- Dataset excerpts
....................
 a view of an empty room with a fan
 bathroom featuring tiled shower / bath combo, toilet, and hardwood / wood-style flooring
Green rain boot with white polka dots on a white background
....................
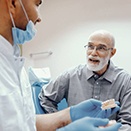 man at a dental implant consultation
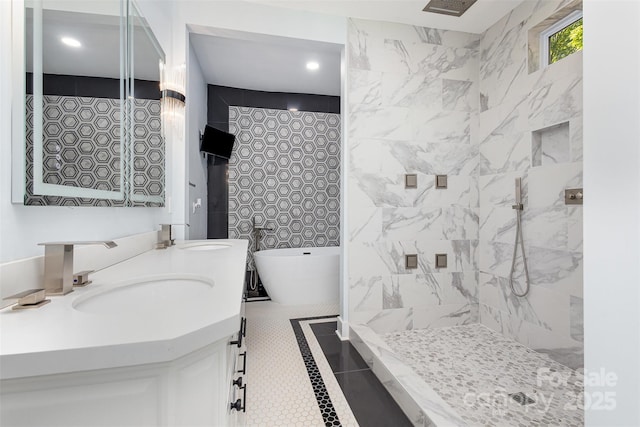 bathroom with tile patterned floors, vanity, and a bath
....................
- Assignment
In the entries above, find the line with "man at a dental implant consultation" and the line with "bathroom with tile". Return exactly those lines and all the ones between them, pictures excluded.

- Answer to the problem
 man at a dental implant consultation
 bathroom with tile patterned floors, vanity, and a bath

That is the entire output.